[DATA FOR REVIEW Boundary: Start]
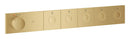 RSH Aqua THM trim 5 Smartcontr
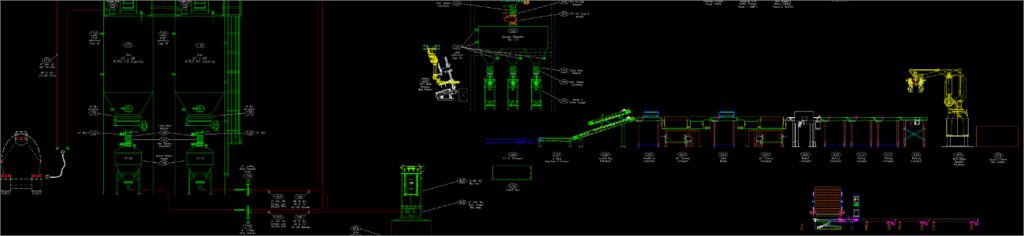 system design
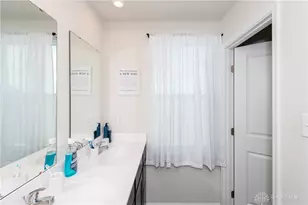 80 June Cir, West Milton, OH 45383 - Photo 11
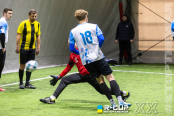 <a href="https://st.getinfootball.com/albums/1099709/697a0ab0ec5b0_1920.jpg" target="_blank">Завантажити оригінал</a>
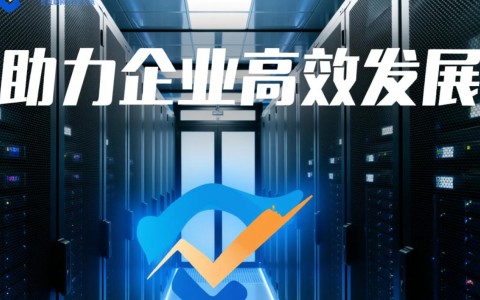 湖南地区性价比超高的云服务器，哪家服务商最划算？揭秘湖南便宜云服务器之谜！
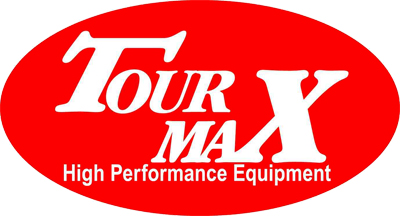 logo_tourmax.jpg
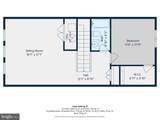 31535 Deep Pond Lane - Photo 106
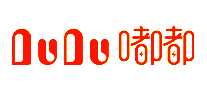 DUDU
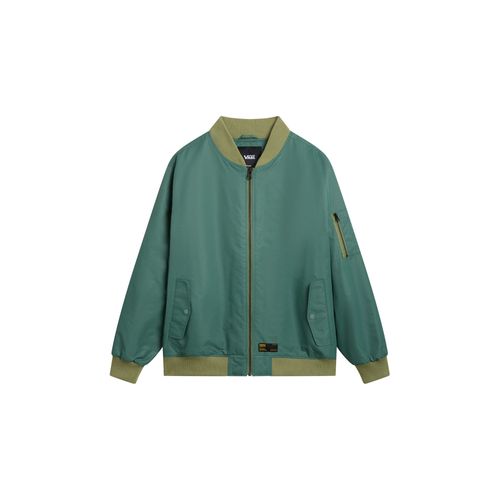 Veste Mi-Saison 'copley'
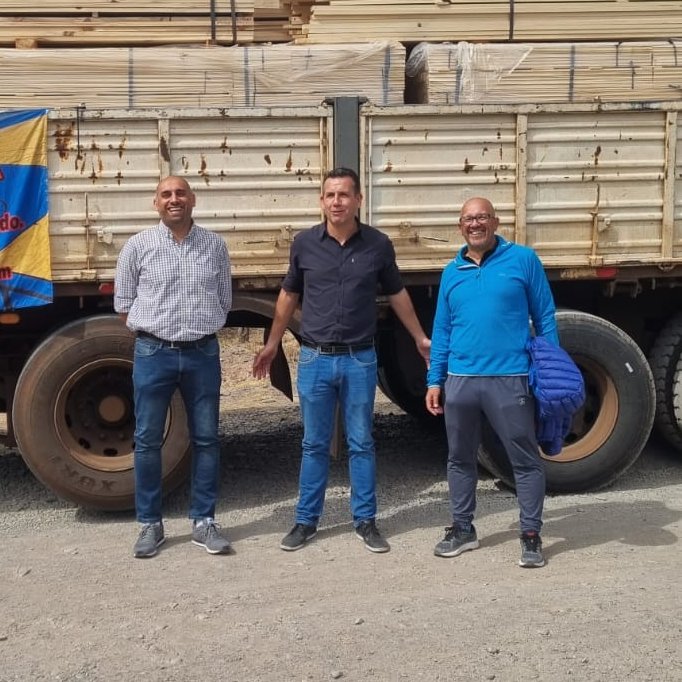 RINCÓN DEL DIRIGENTE ⚒

La Universidad Nacional de Cuyo está en el proceso de instalación del flamante piso de parquet. Sobre esa alegría, charlamos con su Director de Deportes Fernando Martín.

fbpm.com.ar/2022/09/12/oja…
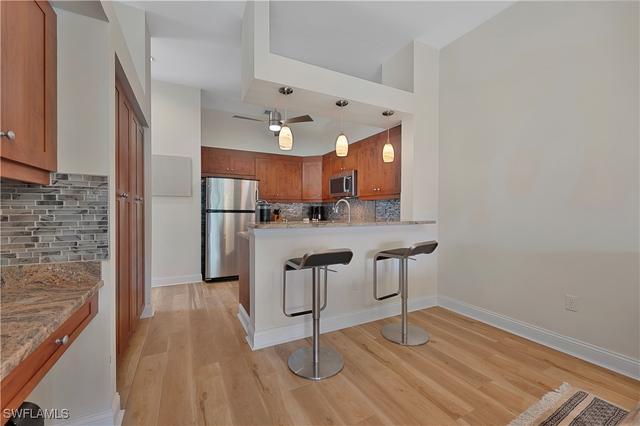 New Homes For Sale This Week That Attend Pelican Marsh Elementary School: June 20th to June 26th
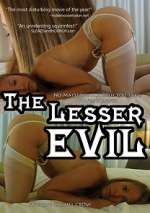 Watch The Lesser Evil Online Putlocker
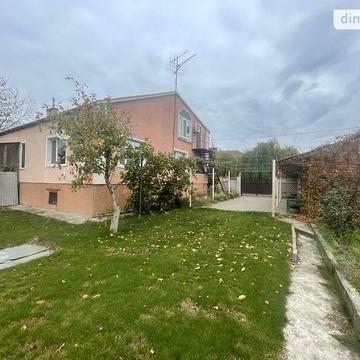 Продаж 4к Дім вулиця Бориса Лятошинського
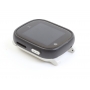 Xplora X6 Kinder Smartwatch, Nano SIM, B (273901)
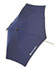 Maclaren Parasol - Navy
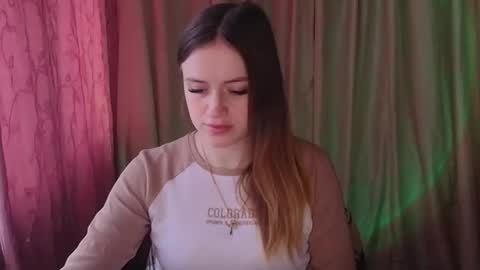 Alexa online show from 24, 2, 2026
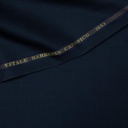 226374_selvedge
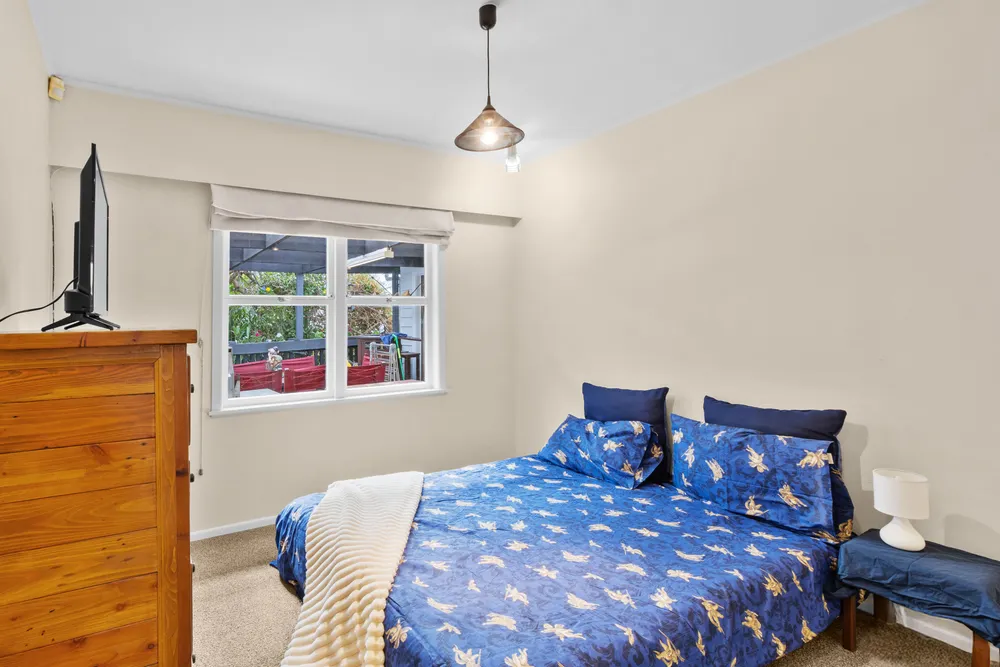 Photos of 46 Angelo Avenue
[DATA FOR REVIEW Boundary: End]
• TASK TO COMPLETE: An exact copy of the records above is needed, with the pictures removed.

• YOUR RESPONSE:
 RSH Aqua THM trim 5 Smartcontr
 system design
 80 June Cir, West Milton, OH 45383 - Photo 11
 <a href="https://st.getinfootball.com/albums/1099709/697a0ab0ec5b0_1920.jpg" target="_blank">Завантажити оригінал</a>
 湖南地区性价比超高的云服务器，哪家服务商最划算？揭秘湖南便宜云服务器之谜！
 logo_tourmax.jpg
 31535 Deep Pond Lane - Photo 106
 DUDU
 Veste Mi-Saison 'copley'
 RINCÓN DEL DIRIGENTE ⚒

La Universidad Nacional de Cuyo está en el proceso de instalación del flamante piso de parquet. Sobre esa alegría, charlamos con su Director de Deportes Fernando Martín.

fbpm.com.ar/2022/09/12/oja…
 New Homes For Sale This Week That Attend Pelican Marsh Elementary School: June 20th to June 26th
 Watch The Lesser Evil Online Putlocker
 Продаж 4к Дім вулиця Бориса Лятошинського
 Xplora X6 Kinder Smartwatch, Nano SIM, B (273901)
 Maclaren Parasol - Navy
 Alexa online show from 24, 2, 2026
 226374_selvedge
 Photos of 46 Angelo Avenue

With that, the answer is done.